── Records shown
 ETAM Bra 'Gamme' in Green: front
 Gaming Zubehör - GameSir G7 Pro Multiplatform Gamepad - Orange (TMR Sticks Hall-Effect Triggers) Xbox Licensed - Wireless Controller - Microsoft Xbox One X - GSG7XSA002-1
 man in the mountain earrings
────
── Records shown
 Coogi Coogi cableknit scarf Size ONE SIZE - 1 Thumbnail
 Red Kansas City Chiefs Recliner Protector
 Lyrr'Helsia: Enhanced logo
────
§ **Work request**: The range runs from the line with "ETAM Bra 'Gamme' in Green: front" up to and including the line with "man in the mountain earrings" in the listing above; please write out exactly those lines and nothing more.

§ **Solution for this exercise**:
 ETAM Bra 'Gamme' in Green: front
 Gaming Zubehör - GameSir G7 Pro Multiplatform Gamepad - Orange (TMR Sticks Hall-Effect Triggers) Xbox Licensed - Wireless Controller - Microsoft Xbox One X - GSG7XSA002-1
 man in the mountain earrings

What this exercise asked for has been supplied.